[Opening Data shown section]

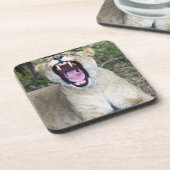 メスのライオン(ヒョウ属レオ)、マサイ族のマラの国民 コースター (左側)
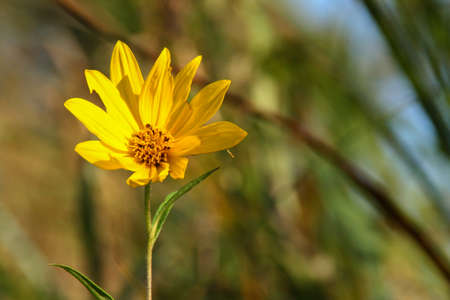 Picture of a yellow ragwort flower taken in Wisconsin.の写真素材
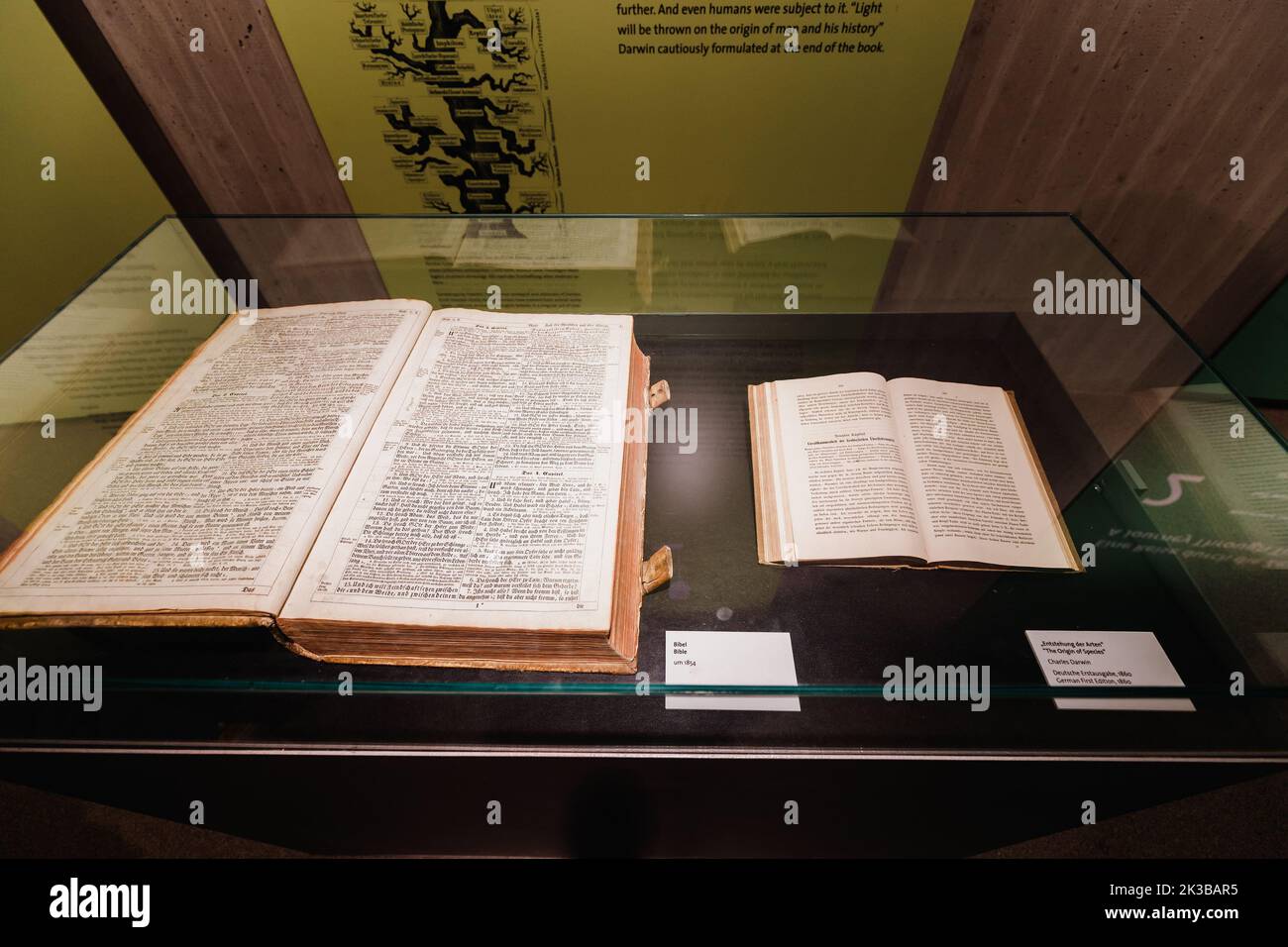 22. Juli 2022, Neanderthal Museum, Deutschland: Das offene Buch der Bibel und der Ursprung der Arten von Charles Darwin. Das Konzept der wissenschaftlichen und relig Stockfoto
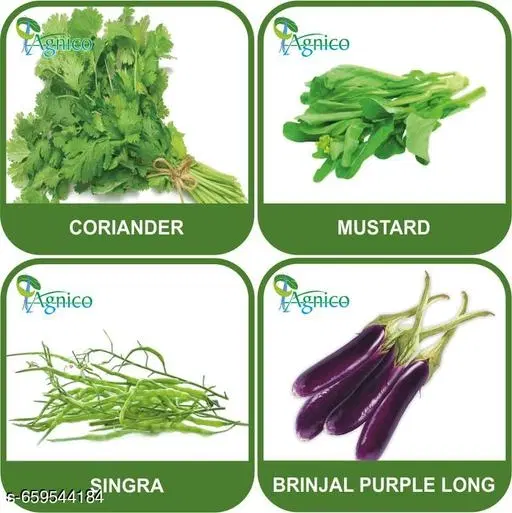 4 Vegetable Seeds Combo With Instruction Manual(Coriander/Mustard/Singra/Brinjal Purple Long)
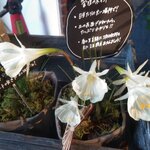 Aoyama Flower Market TEA HOUSE - 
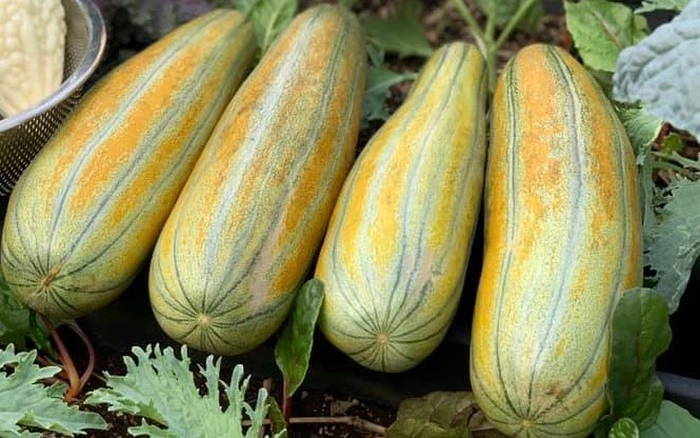 Hướng dẫn sử dụng dưa gang hợp lý trong chế độ ăn Hướng dẫn sử dụng dưa gang hợp lý trong chế độ ăn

[Closing Data shown section]

_The task:_
After removing the pictures, transcribe the listing above exactly.

_Expected output:_
 メスのライオン(ヒョウ属レオ)、マサイ族のマラの国民 コースター (左側)
 Picture of a yellow ragwort flower taken in Wisconsin.の写真素材
 22. Juli 2022, Neanderthal Museum, Deutschland: Das offene Buch der Bibel und der Ursprung der Arten von Charles Darwin. Das Konzept der wissenschaftlichen und relig Stockfoto
 4 Vegetable Seeds Combo With Instruction Manual(Coriander/Mustard/Singra/Brinjal Purple Long)
 Aoyama Flower Market TEA HOUSE - 
 Hướng dẫn sử dụng dưa gang hợp lý trong chế độ ăn Hướng dẫn sử dụng dưa gang hợp lý trong chế độ ăn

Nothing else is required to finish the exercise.